Pictures aside, copy exactly each line from the one that holds "Apartments by the sea Vir - 21081" through the last line of the records below.

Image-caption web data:
══════════

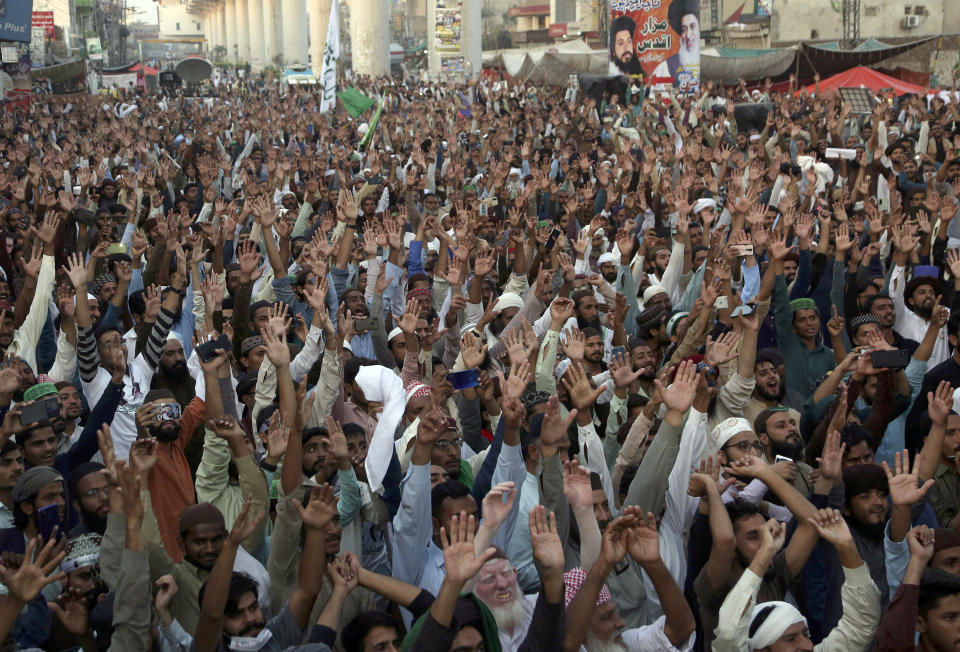 Supporters of Tehreek-e-Labaik Pakistan, a radical Islamist political party, chant religious slogans during a sit-in protest demanding release of their leader, in Lahore, Pakistan, Thursday, Oct. 21, 2021. Thousands of Islamists are protesting in the eastern city of Lahore, demanding the release of their leader Saad Rizvi, who was arrested in April amid protest against France over depictions of Islam's Prophet Muhammad. (AP Photo/K.M. Chaudary)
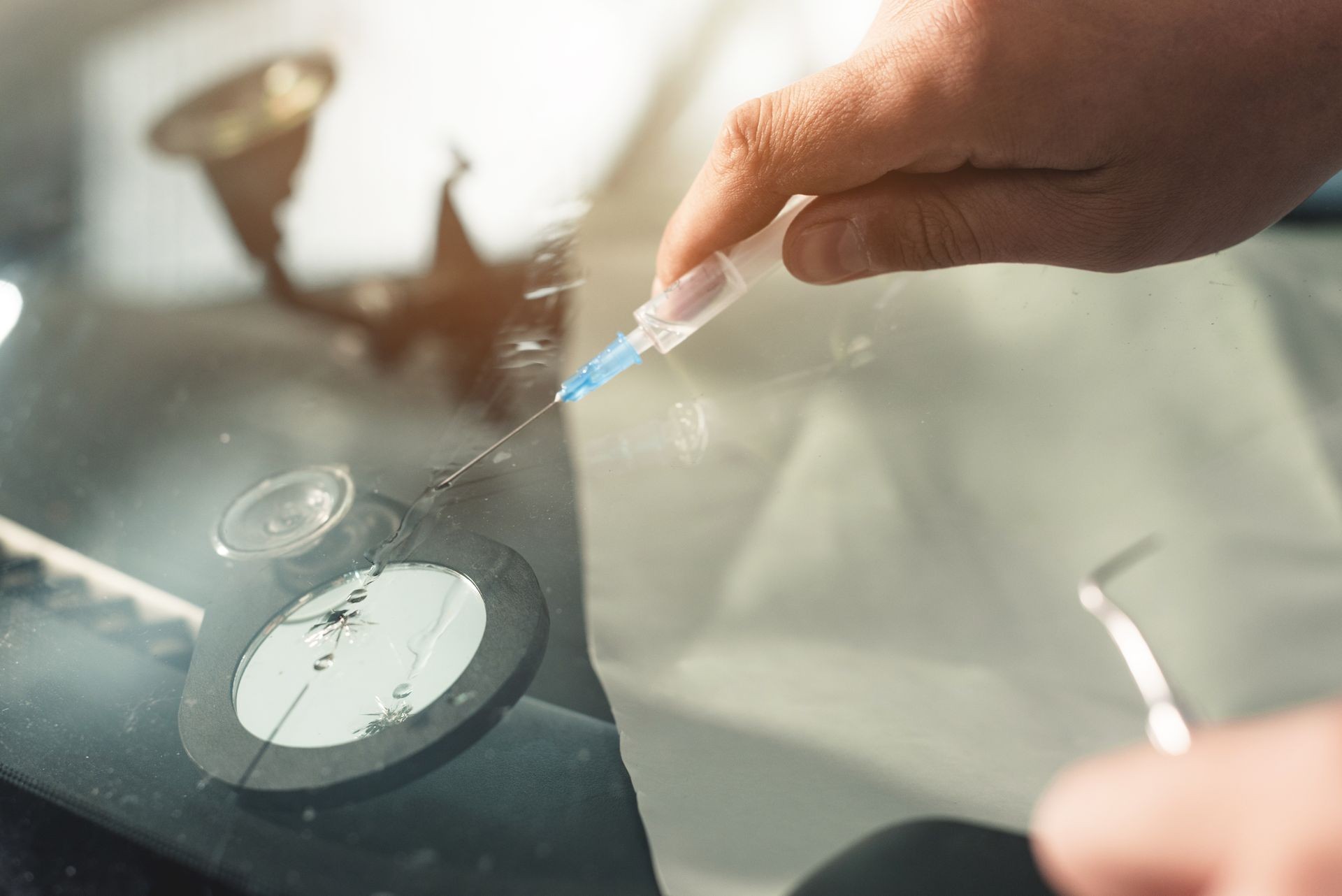 Close-up of a hands of professional windshield repairman fills a crack in the glass with a special polymer through a syringe. Elimination of cracks and chips on windshields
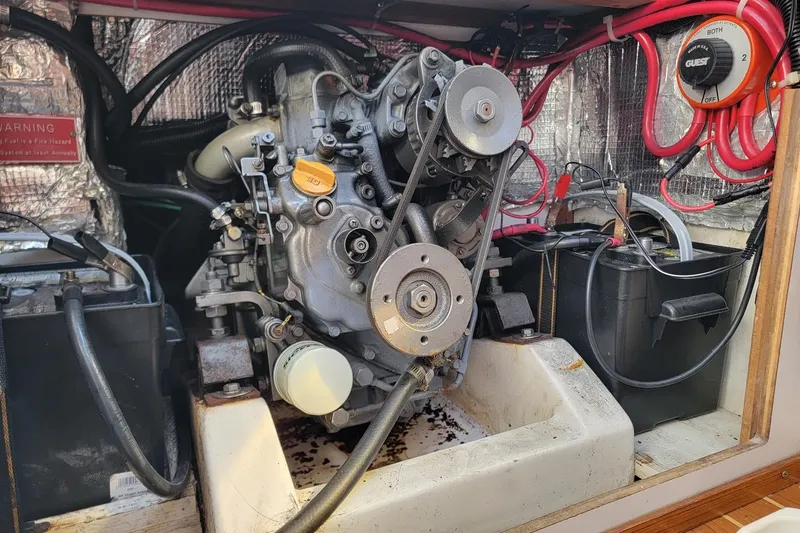 Slide: The Image of Engine compartment of a 2002 Alerion 28 Express sailboat, showing mechanical components and wiring. - 5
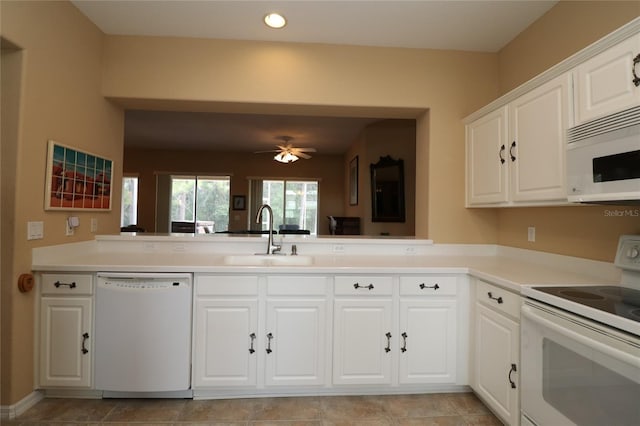 kitchen featuring light countertops, white cabinetry, a sink, ceiling fan, and white appliances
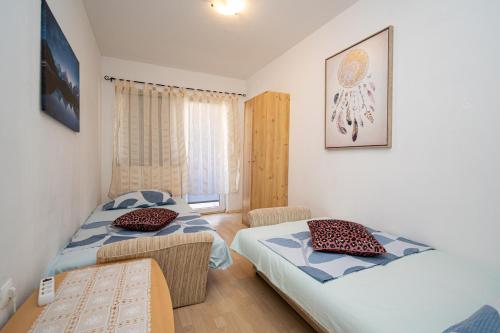 Apartments by the sea Vir - 21081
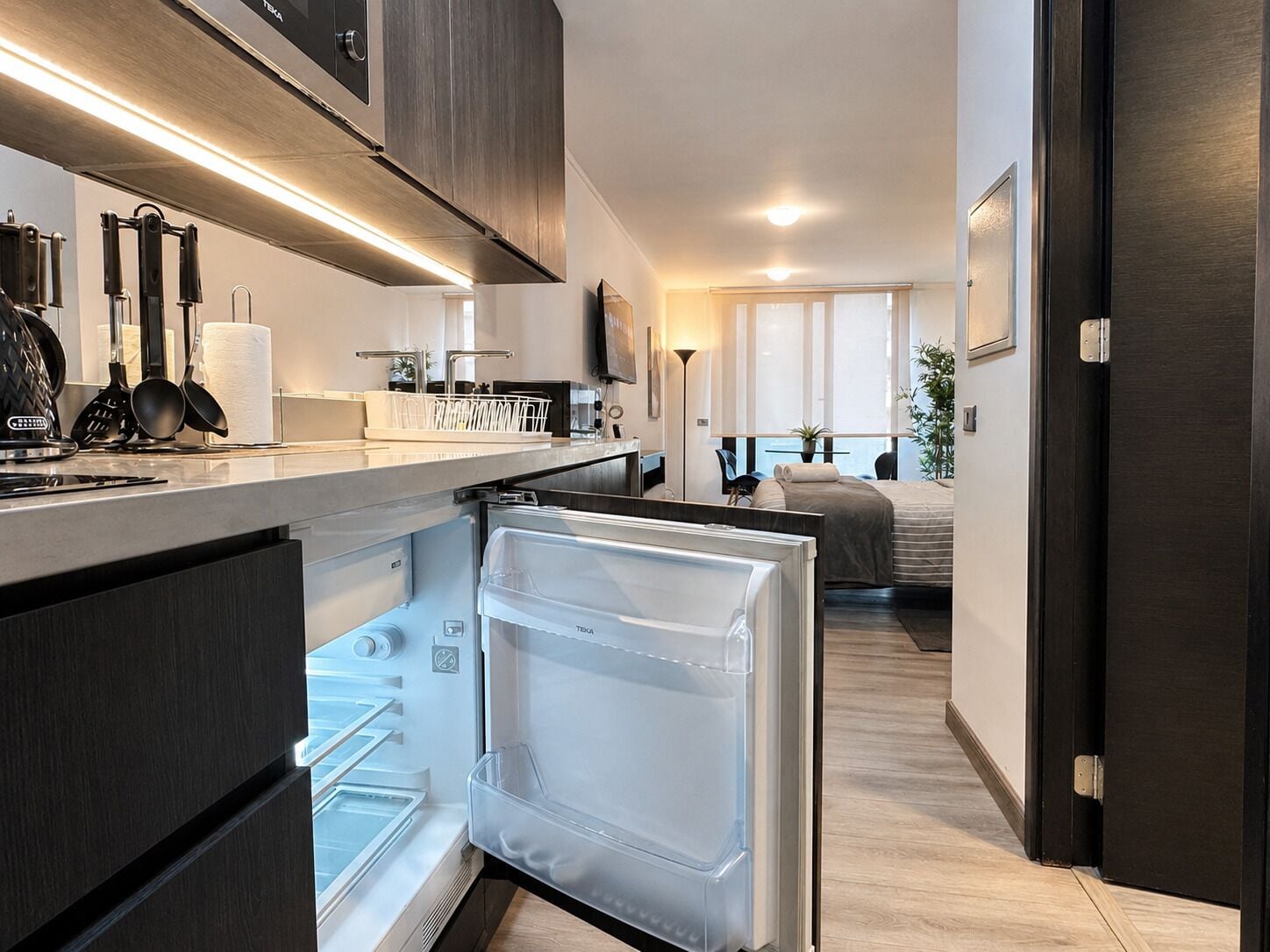 Een moderne keuken met een inbouwkoelkast, een eethoek met een tafel en stoelen, en een slaapkamer met een bed en raam.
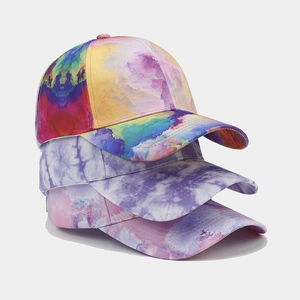 Detailed stack of three vibrant tie-dye baseball caps showing twill cotton texture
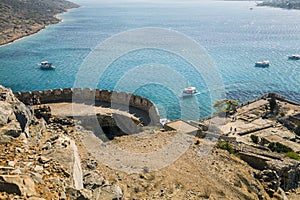 View from the Spinalonga fortress on the island. Boat trips to the island of lepers. Ships on the sea at the edge of the island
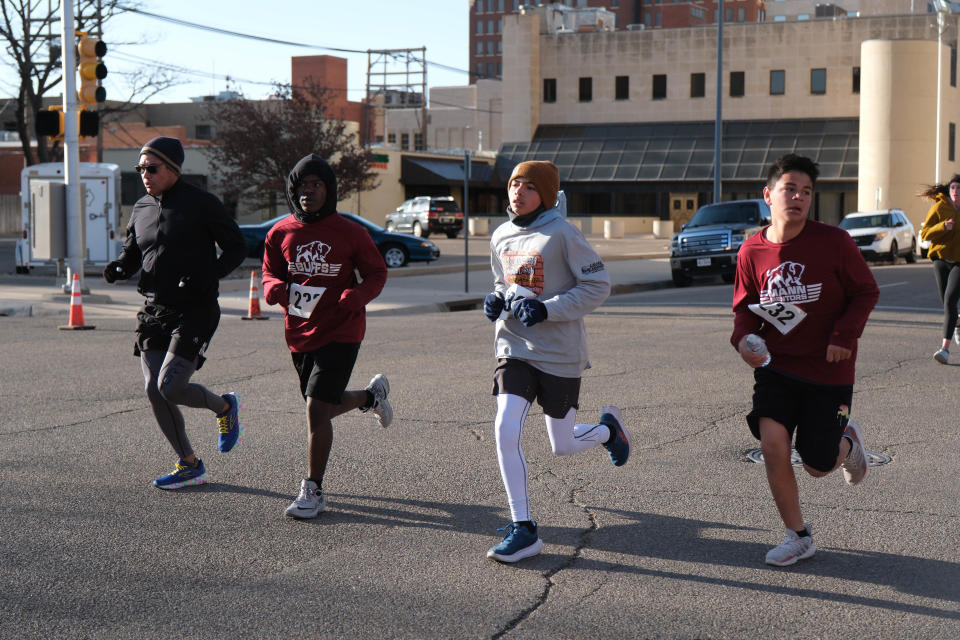 A group of runners run down Tyler Street Saturday in the 2023 Center City Mural Run in downtown Amarillo.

══════════

REPLY TO THE TASK:
 Apartments by the sea Vir - 21081
 Een moderne keuken met een inbouwkoelkast, een eethoek met een tafel en stoelen, en een slaapkamer met een bed en raam.
 Detailed stack of three vibrant tie-dye baseball caps showing twill cotton texture
 View from the Spinalonga fortress on the island. Boat trips to the island of lepers. Ships on the sea at the edge of the island
 A group of runners run down Tyler Street Saturday in the 2023 Center City Mural Run in downtown Amarillo.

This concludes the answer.